The expected output is an exact copy of the lines from the one containing "Mosaic Black Metallic 2025 Chevrolet Trax LT" to the final line below, minus any pictures.

Records contained in a dataset:
-=-=-

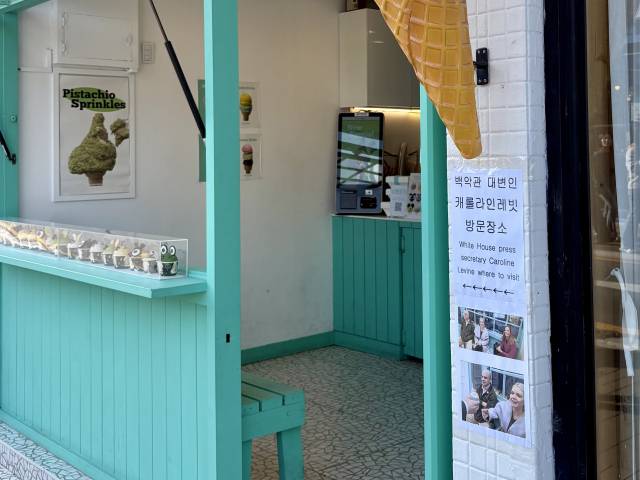 관광객들로 붐비는 황리단길의 한 젤라또 가게 앞에 APEC 기간 백악관 대변인 캐롤라인 레빗이 다녀갔다는 문구가 붙어있다. 주말앤 팀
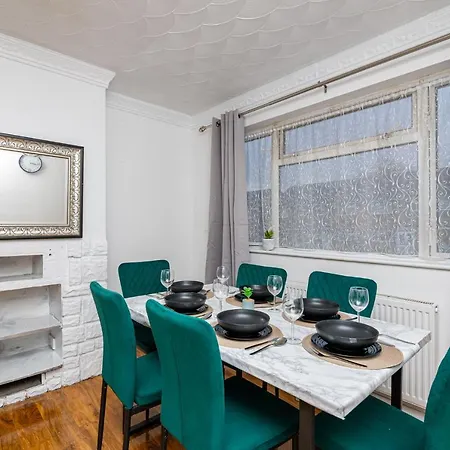 3 Bed Gorgeous House Abbeywood Abbey Wood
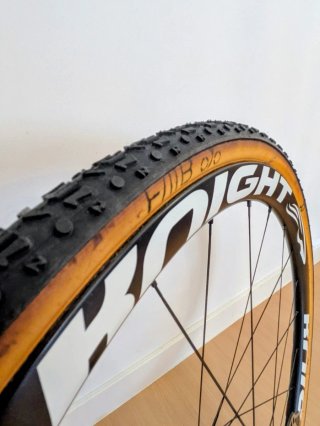Ruedas tubular carbono disco Knight Composites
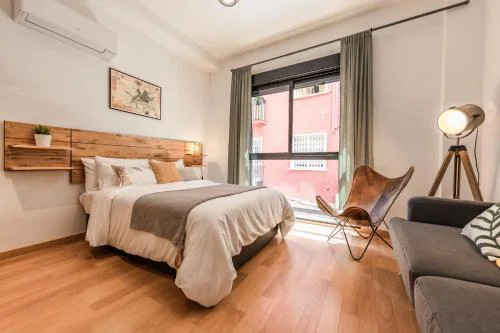 Industrial studio in the city center by REMS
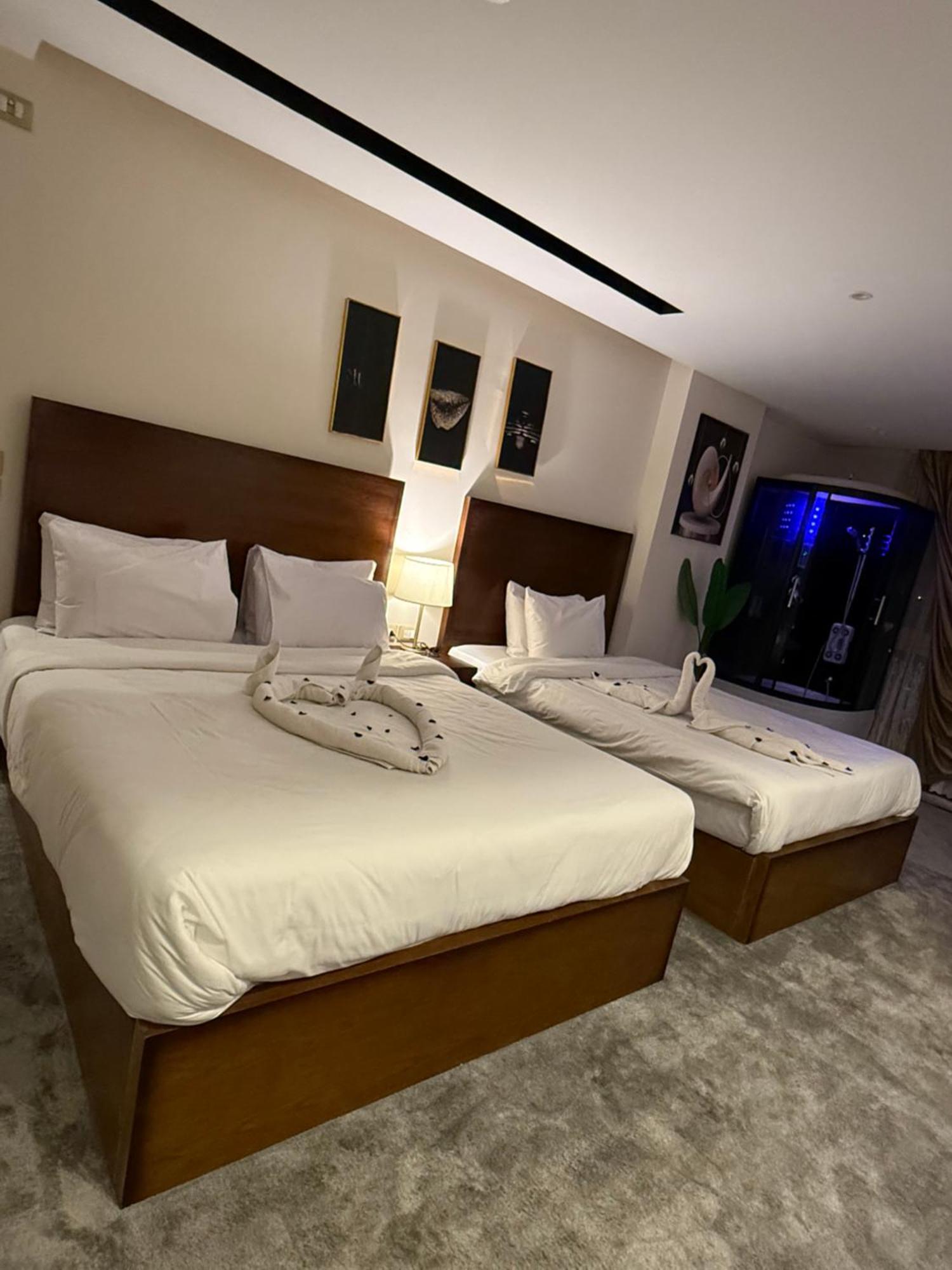 Topaz Pyramids View Inn Kafrat al Jabal Exterior photo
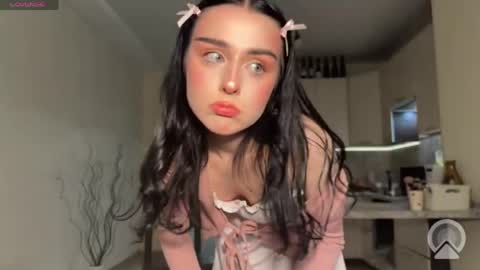 alicelaney online show from April 3, 2026, 8:07 pm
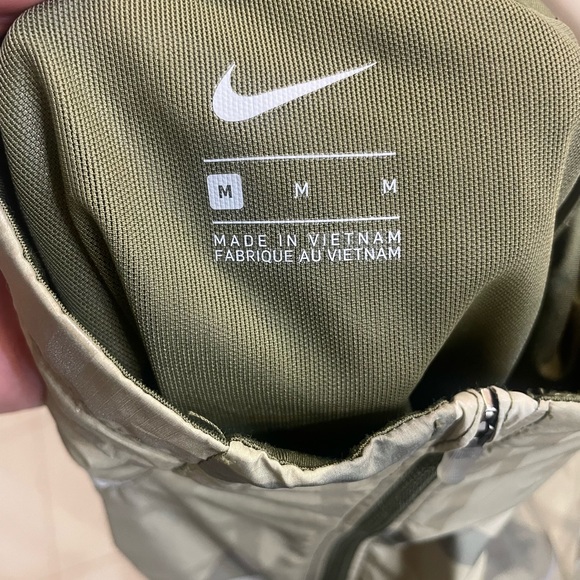 Nike Shield women’s reflective hooded running jacket, M - Picture 3 of 5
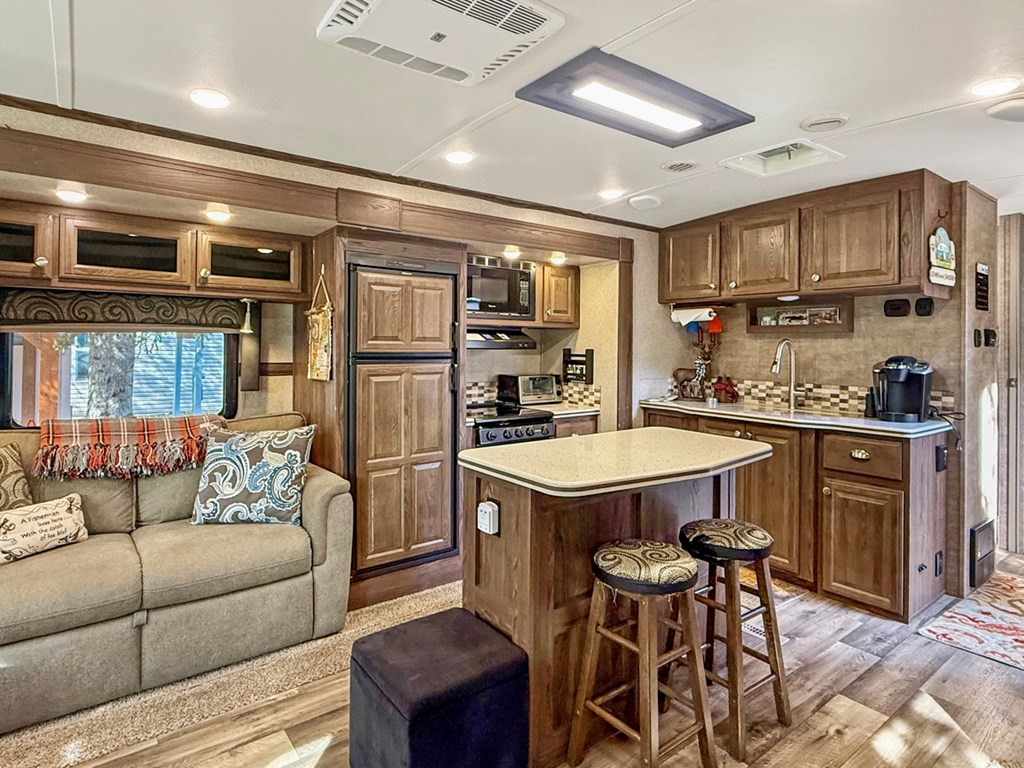 45 A Street Cascade, ID 83611 - Photo 5 of 19 Comfortable Expansive Living Spacee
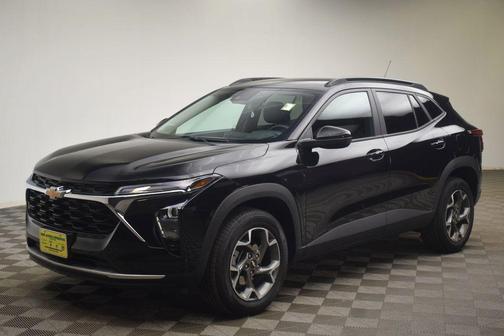 Mosaic Black Metallic 2025 Chevrolet Trax LT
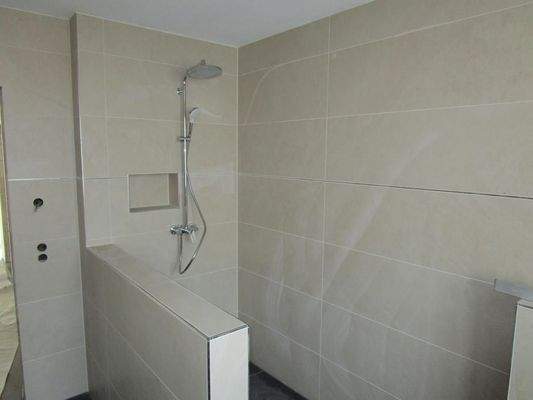 Dusche im Bad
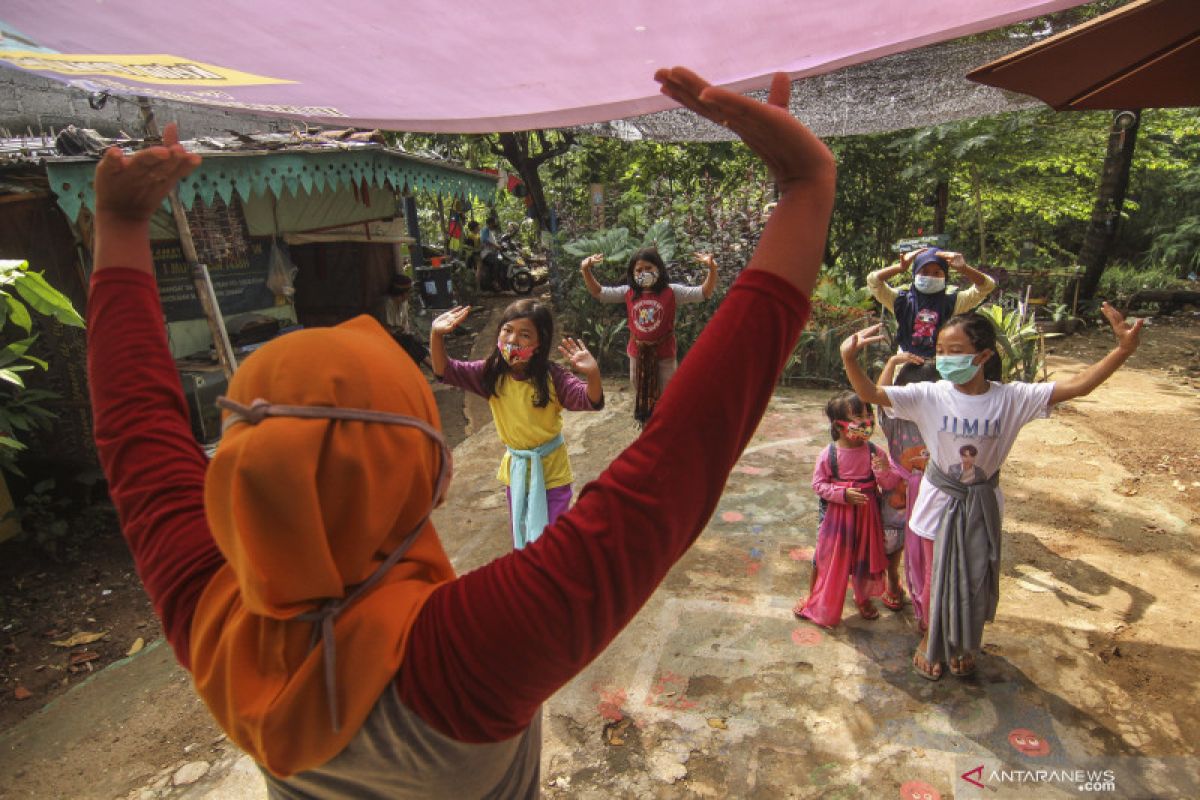 Community Plays Vital Role in Keeping Betawi Language Alive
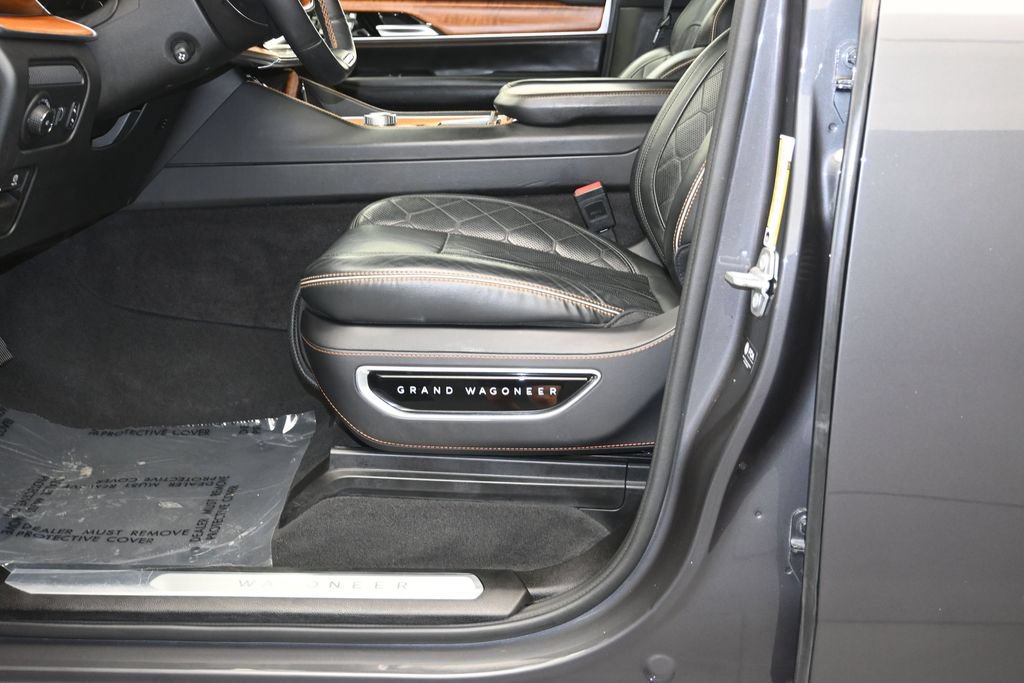 Used 2024 Jeep Grand Wagoneer L Series III AWD/4WD image 24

-=-=-

> [Task result]
 Mosaic Black Metallic 2025 Chevrolet Trax LT
 Dusche im Bad
 Community Plays Vital Role in Keeping Betawi Language Alive
 Used 2024 Jeep Grand Wagoneer L Series III AWD/4WD image 24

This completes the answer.